Word for word, set down the records and skip each picture.

################

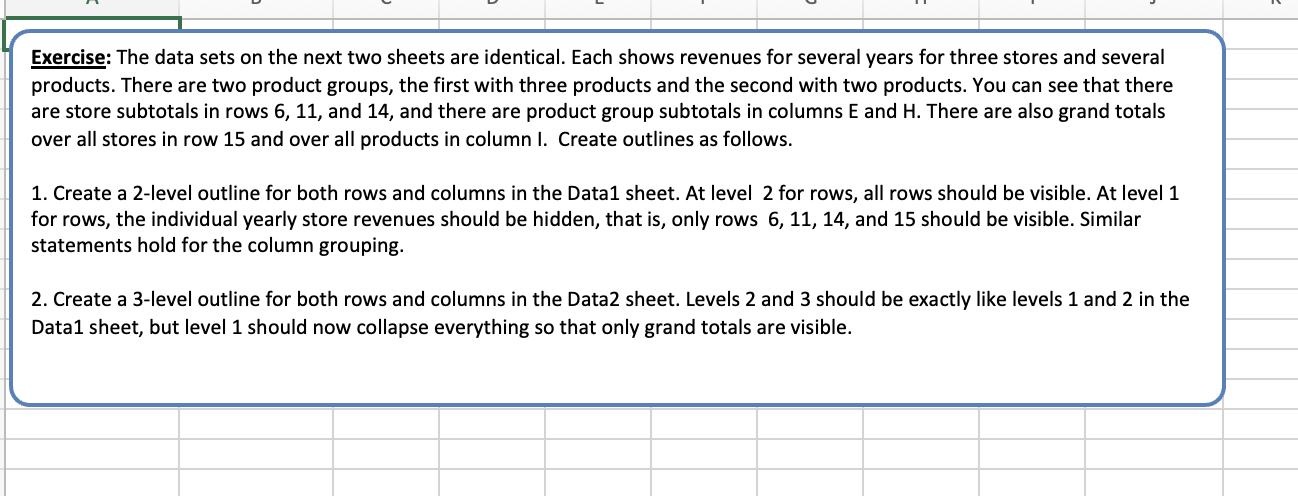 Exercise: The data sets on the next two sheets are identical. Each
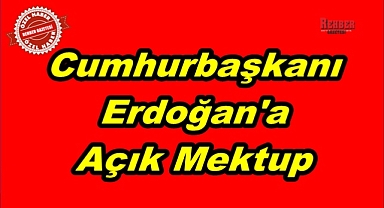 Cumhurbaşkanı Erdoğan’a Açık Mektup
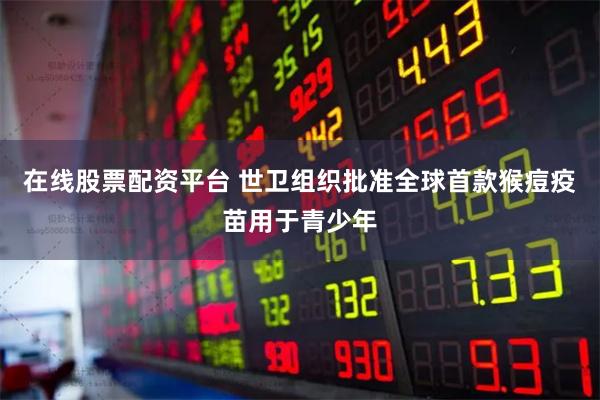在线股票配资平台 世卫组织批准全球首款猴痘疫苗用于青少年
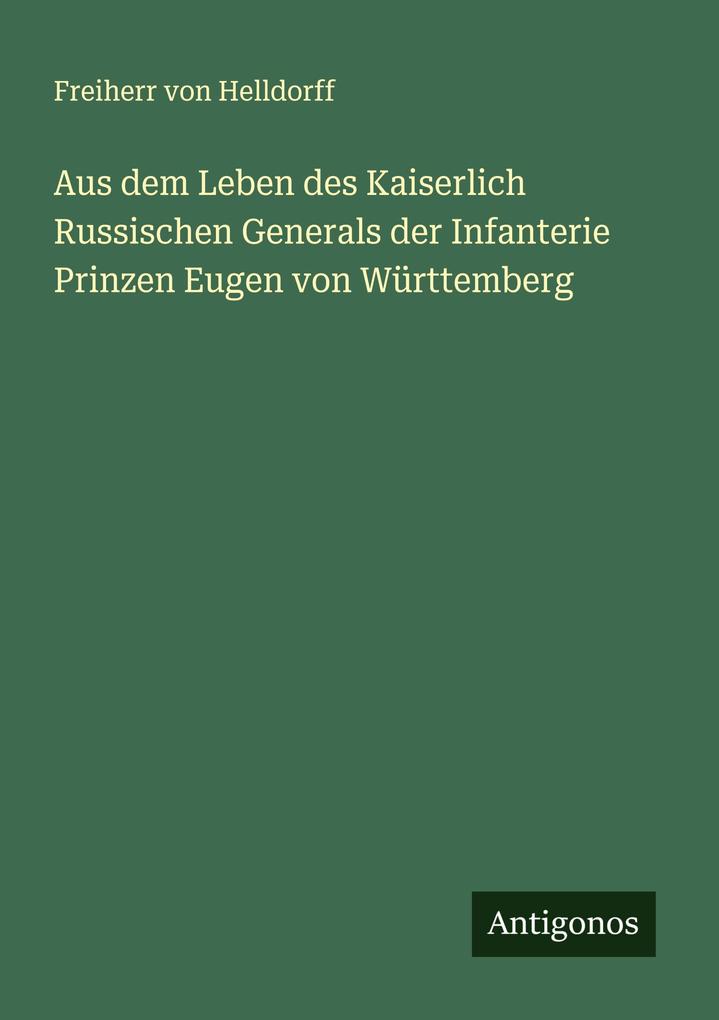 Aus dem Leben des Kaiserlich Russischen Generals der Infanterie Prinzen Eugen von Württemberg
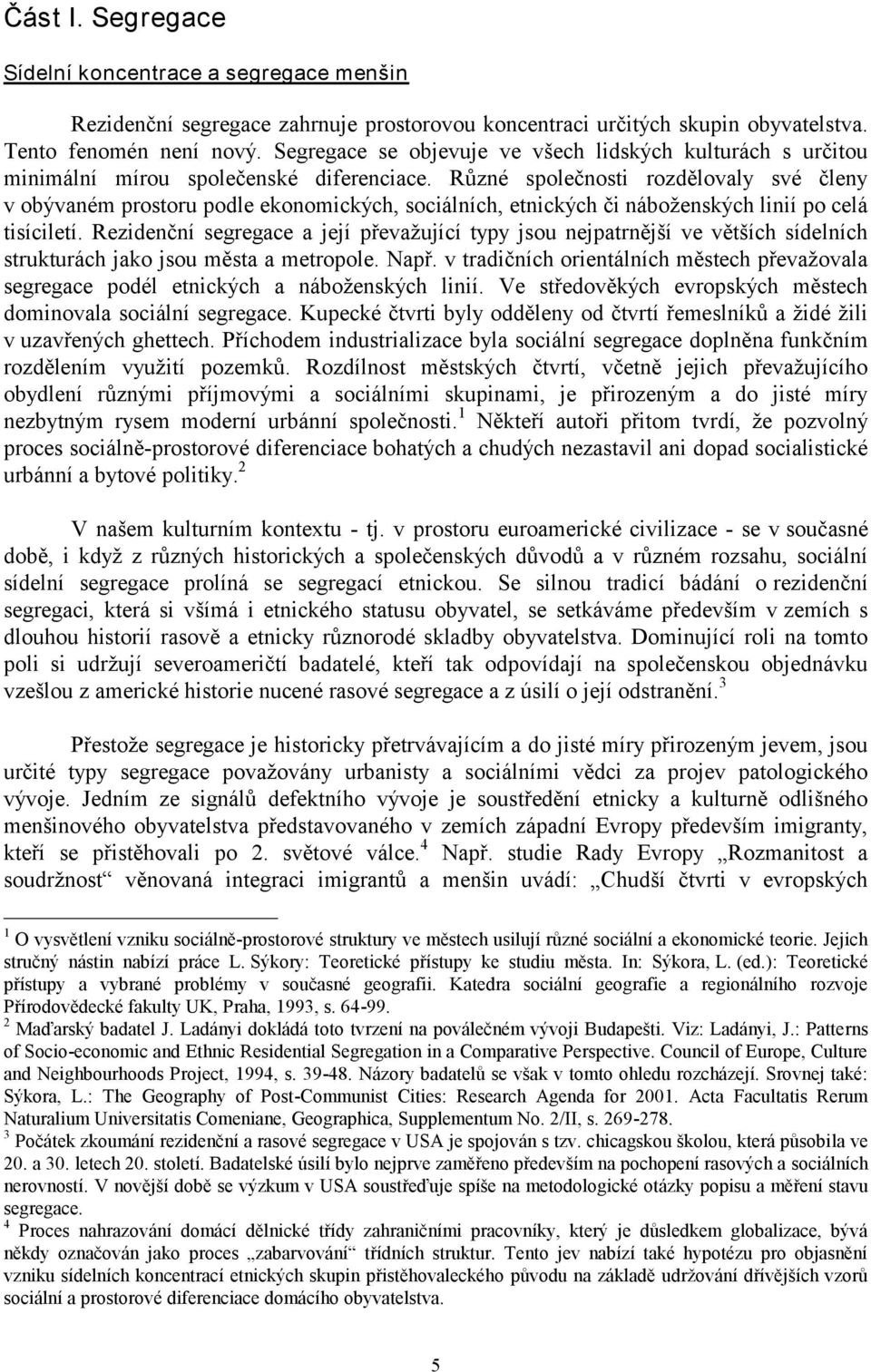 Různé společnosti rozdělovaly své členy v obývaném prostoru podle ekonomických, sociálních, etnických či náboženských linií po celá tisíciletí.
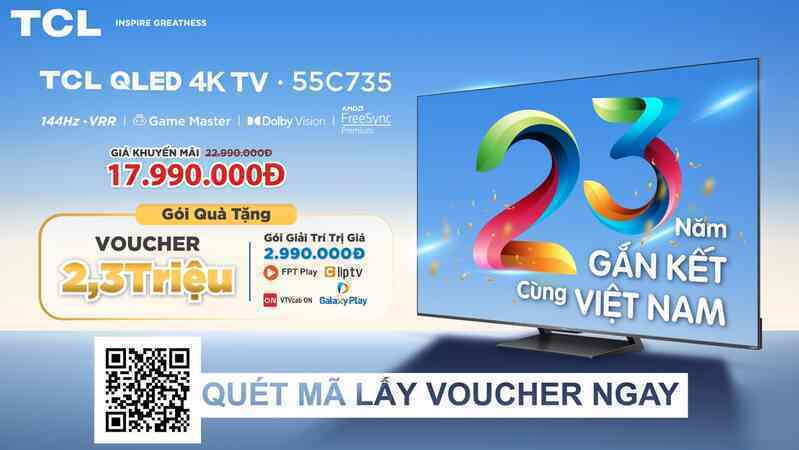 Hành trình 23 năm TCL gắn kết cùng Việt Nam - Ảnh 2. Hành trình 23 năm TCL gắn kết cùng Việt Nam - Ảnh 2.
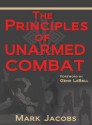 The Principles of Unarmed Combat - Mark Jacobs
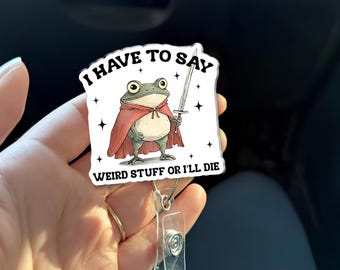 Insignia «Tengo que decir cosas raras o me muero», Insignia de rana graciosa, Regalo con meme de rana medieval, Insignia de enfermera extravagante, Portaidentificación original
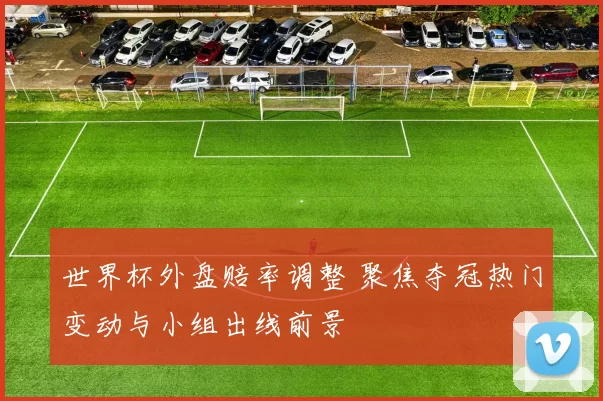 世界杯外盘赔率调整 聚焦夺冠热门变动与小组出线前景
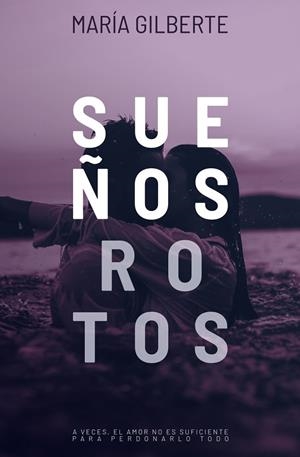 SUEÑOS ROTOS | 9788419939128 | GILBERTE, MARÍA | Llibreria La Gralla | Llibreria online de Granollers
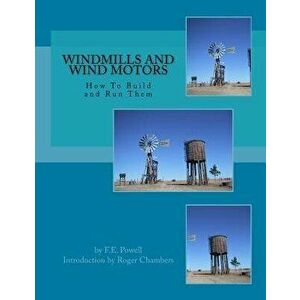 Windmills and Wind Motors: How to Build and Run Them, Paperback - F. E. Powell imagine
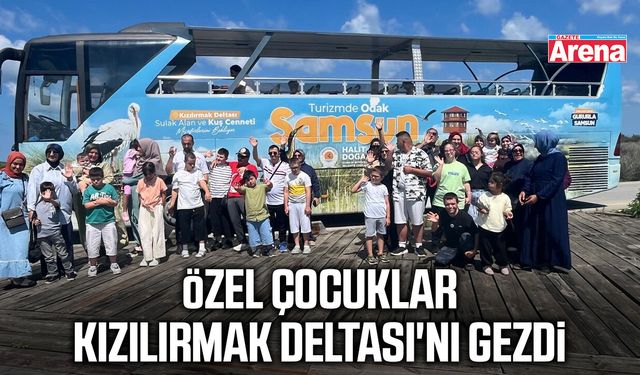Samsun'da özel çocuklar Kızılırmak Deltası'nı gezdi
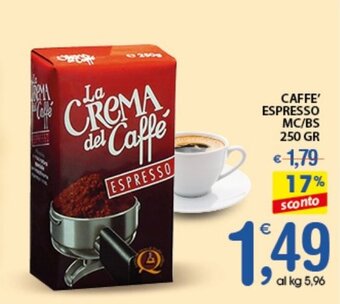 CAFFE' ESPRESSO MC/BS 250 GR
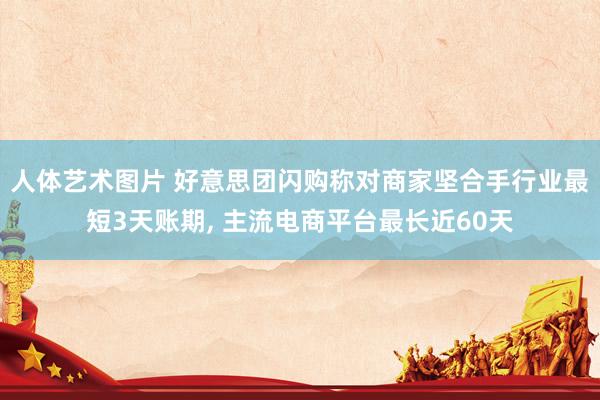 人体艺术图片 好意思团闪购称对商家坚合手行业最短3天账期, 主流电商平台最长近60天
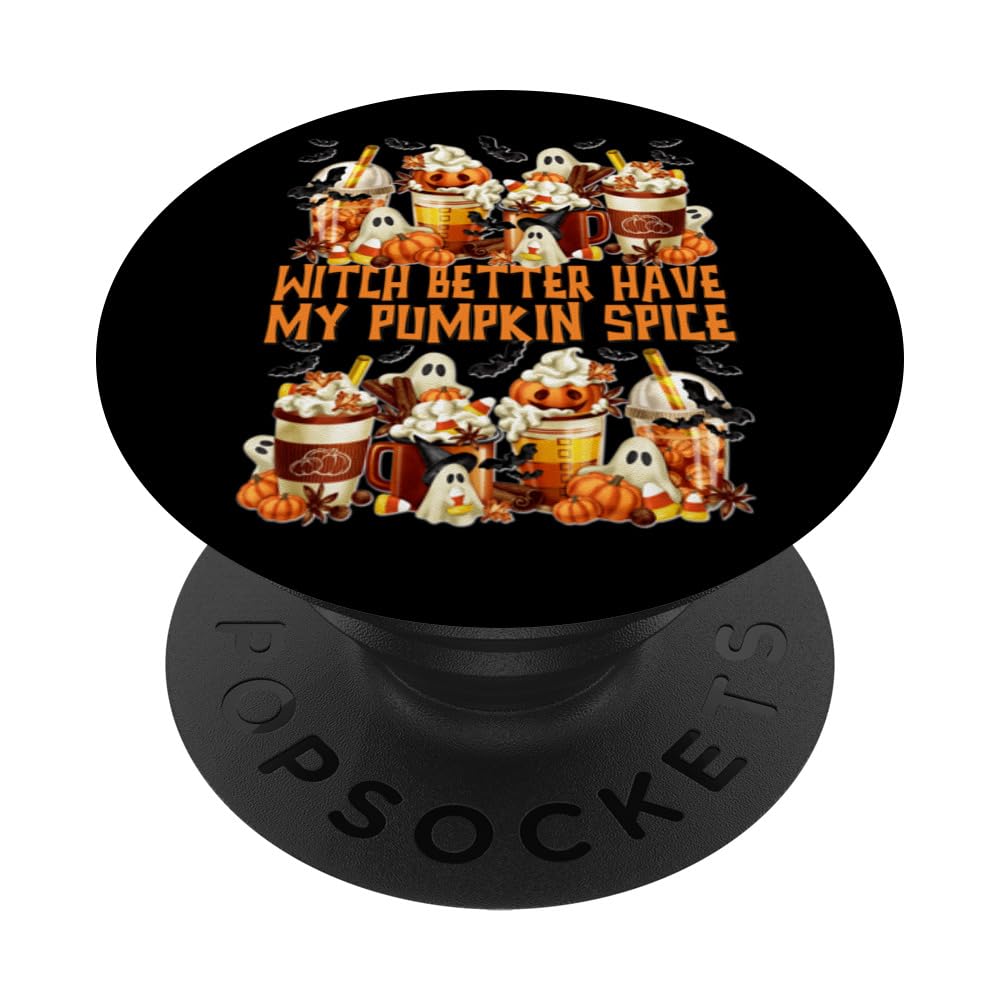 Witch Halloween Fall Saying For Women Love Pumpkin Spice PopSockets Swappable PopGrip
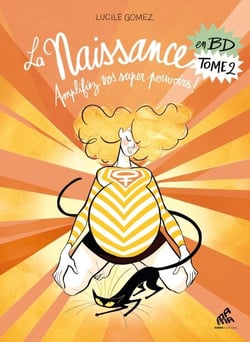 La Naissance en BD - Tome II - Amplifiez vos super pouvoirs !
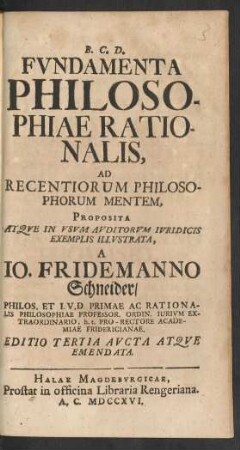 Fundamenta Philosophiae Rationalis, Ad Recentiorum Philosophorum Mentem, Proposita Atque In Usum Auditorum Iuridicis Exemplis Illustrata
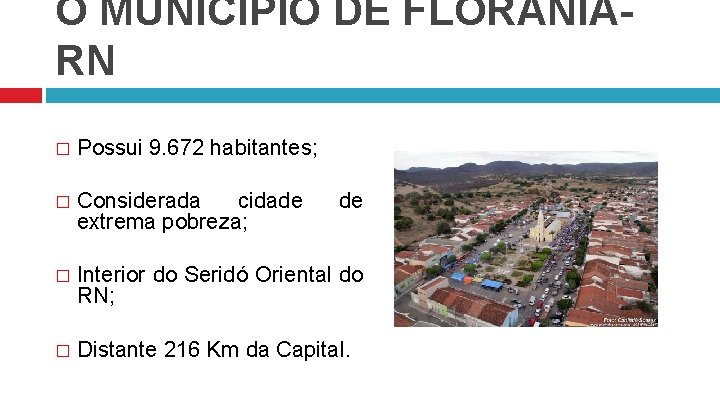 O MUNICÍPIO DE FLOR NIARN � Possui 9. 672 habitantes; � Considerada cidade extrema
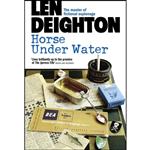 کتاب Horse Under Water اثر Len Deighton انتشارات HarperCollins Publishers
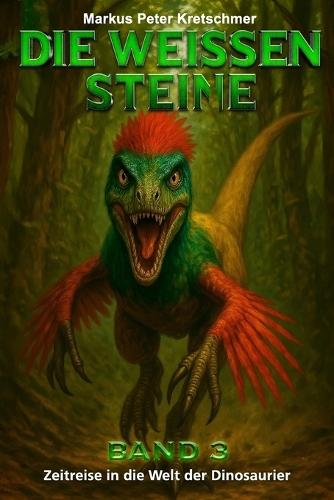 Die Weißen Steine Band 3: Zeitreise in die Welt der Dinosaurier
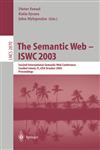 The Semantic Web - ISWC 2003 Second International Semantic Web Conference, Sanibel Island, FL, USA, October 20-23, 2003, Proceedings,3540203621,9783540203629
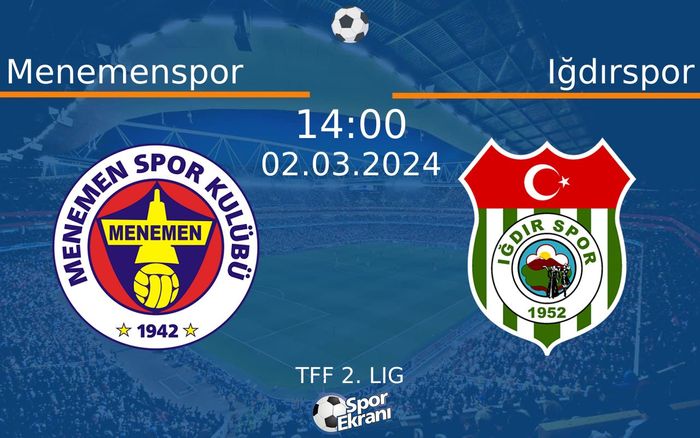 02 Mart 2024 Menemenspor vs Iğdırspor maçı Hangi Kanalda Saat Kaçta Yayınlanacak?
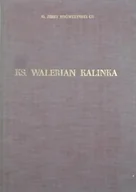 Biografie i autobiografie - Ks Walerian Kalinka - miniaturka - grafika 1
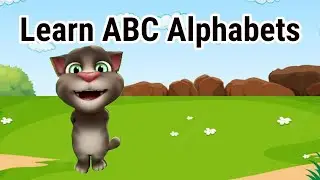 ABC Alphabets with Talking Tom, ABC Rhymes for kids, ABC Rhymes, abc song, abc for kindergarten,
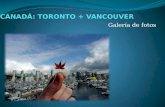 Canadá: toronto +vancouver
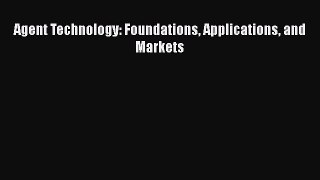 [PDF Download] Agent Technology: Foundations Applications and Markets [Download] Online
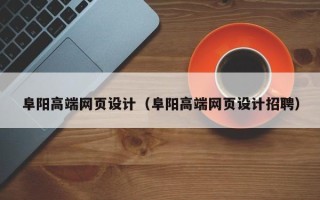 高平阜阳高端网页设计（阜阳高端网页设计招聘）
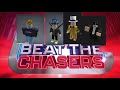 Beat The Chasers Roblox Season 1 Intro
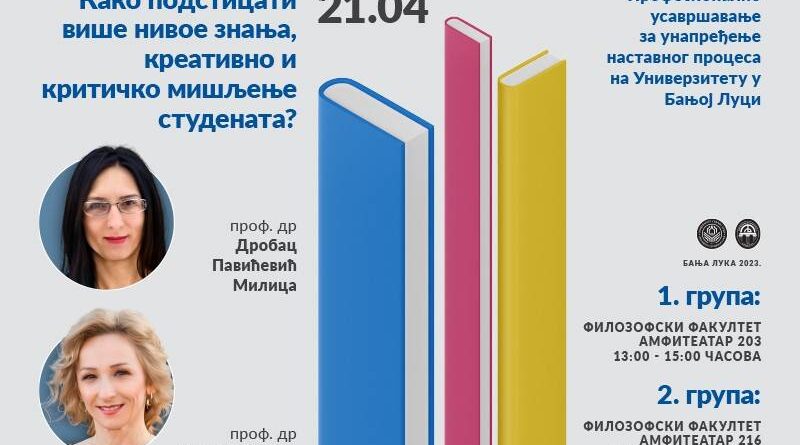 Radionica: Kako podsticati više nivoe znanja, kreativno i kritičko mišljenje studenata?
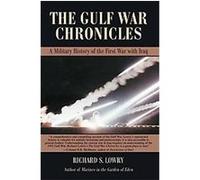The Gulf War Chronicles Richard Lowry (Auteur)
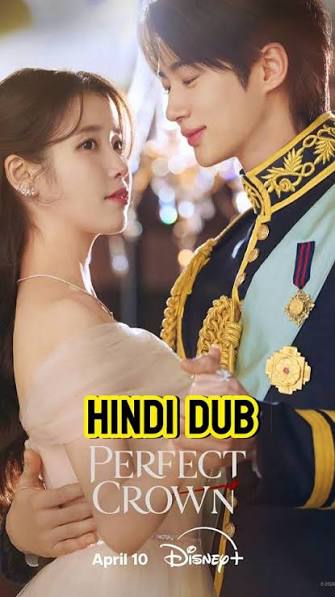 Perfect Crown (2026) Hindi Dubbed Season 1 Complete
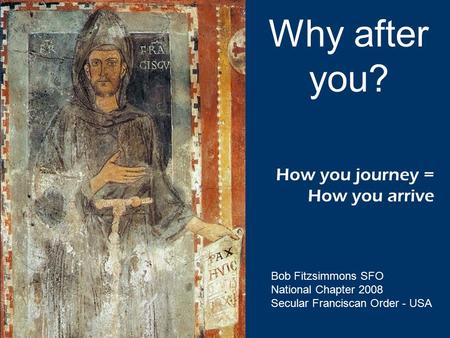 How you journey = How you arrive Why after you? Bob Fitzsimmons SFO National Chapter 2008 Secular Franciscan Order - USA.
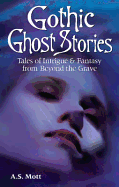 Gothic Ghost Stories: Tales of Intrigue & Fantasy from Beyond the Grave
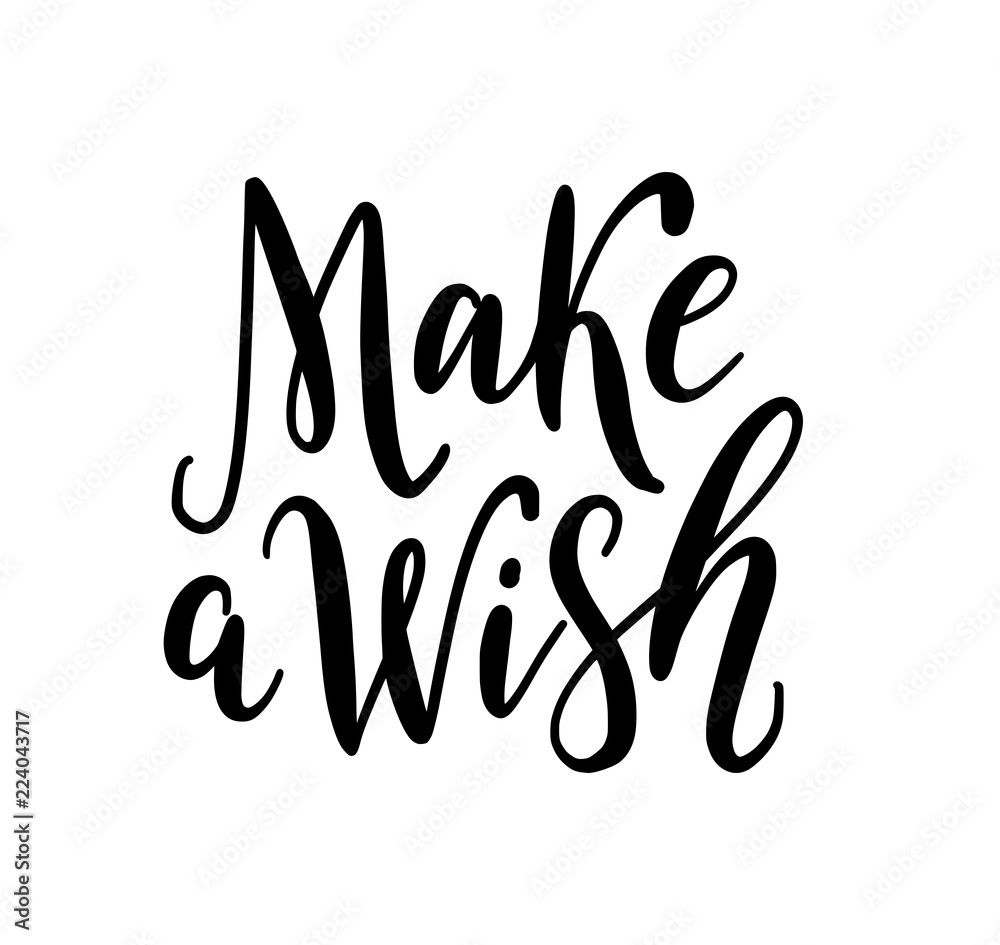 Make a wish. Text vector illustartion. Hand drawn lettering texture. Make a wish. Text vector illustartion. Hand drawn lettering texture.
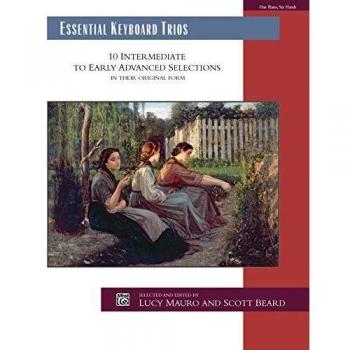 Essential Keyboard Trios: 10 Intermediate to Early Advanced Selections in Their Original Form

################

• **RESPONSE FOR THIS EXERCISE**
 Exercise: The data sets on the next two sheets are identical. Each
 Cumhurbaşkanı Erdoğan’a Açık Mektup
在线股票配资平台 世卫组织批准全球首款猴痘疫苗用于青少年
 Aus dem Leben des Kaiserlich Russischen Generals der Infanterie Prinzen Eugen von Württemberg
 Různé společnosti rozdělovaly své členy v obývaném prostoru podle ekonomických, sociálních, etnických či náboženských linií po celá tisíciletí.
 Hành trình 23 năm TCL gắn kết cùng Việt Nam - Ảnh 2. Hành trình 23 năm TCL gắn kết cùng Việt Nam - Ảnh 2.
 The Principles of Unarmed Combat - Mark Jacobs
 Insignia «Tengo que decir cosas raras o me muero», Insignia de rana graciosa, Regalo con meme de rana medieval, Insignia de enfermera extravagante, Portaidentificación original
 世界杯外盘赔率调整 聚焦夺冠热门变动与小组出线前景
 SUEÑOS ROTOS | 9788419939128 | GILBERTE, MARÍA | Llibreria La Gralla | Llibreria online de Granollers
 Windmills and Wind Motors: How to Build and Run Them, Paperback - F. E. Powell imagine
Samsun'da özel çocuklar Kızılırmak Deltası'nı gezdi
 CAFFE' ESPRESSO MC/BS 250 GR
 人体艺术图片 好意思团闪购称对商家坚合手行业最短3天账期, 主流电商平台最长近60天
 Witch Halloween Fall Saying For Women Love Pumpkin Spice PopSockets Swappable PopGrip
 La Naissance en BD - Tome II - Amplifiez vos super pouvoirs !
 Fundamenta Philosophiae Rationalis, Ad Recentiorum Philosophorum Mentem, Proposita Atque In Usum Auditorum Iuridicis Exemplis Illustrata
 O MUNICÍPIO DE FLOR NIARN � Possui 9. 672 habitantes; � Considerada cidade extrema
 کتاب Horse Under Water اثر Len Deighton انتشارات HarperCollins Publishers
 Die Weißen Steine Band 3: Zeitreise in die Welt der Dinosaurier
 The Semantic Web - ISWC 2003 Second International Semantic Web Conference, Sanibel Island, FL, USA, October 20-23, 2003, Proceedings,3540203621,9783540203629
 02 Mart 2024 Menemenspor vs Iğdırspor maçı Hangi Kanalda Saat Kaçta Yayınlanacak?
 Biografie i autobiografie - Ks Walerian Kalinka - miniaturka - grafika 1
 ABC Alphabets with Talking Tom, ABC Rhymes for kids, ABC Rhymes, abc song, abc for kindergarten,
 Canadá: toronto +vancouver
 [PDF Download] Agent Technology: Foundations Applications and Markets [Download] Online
 高平阜阳高端网页设计（阜阳高端网页设计招聘）
 Beat The Chasers Roblox Season 1 Intro
 Radionica: Kako podsticati više nivoe znanja, kreativno i kritičko mišljenje studenata?
The Gulf War Chronicles Richard Lowry (Auteur)
 Perfect Crown (2026) Hindi Dubbed Season 1 Complete
 How you journey = How you arrive Why after you? Bob Fitzsimmons SFO National Chapter 2008 Secular Franciscan Order - USA.
 Gothic Ghost Stories: Tales of Intrigue & Fantasy from Beyond the Grave
 Make a wish. Text vector illustartion. Hand drawn lettering texture. Make a wish. Text vector illustartion. Hand drawn lettering texture.
 Essential Keyboard Trios: 10 Intermediate to Early Advanced Selections in Their Original Form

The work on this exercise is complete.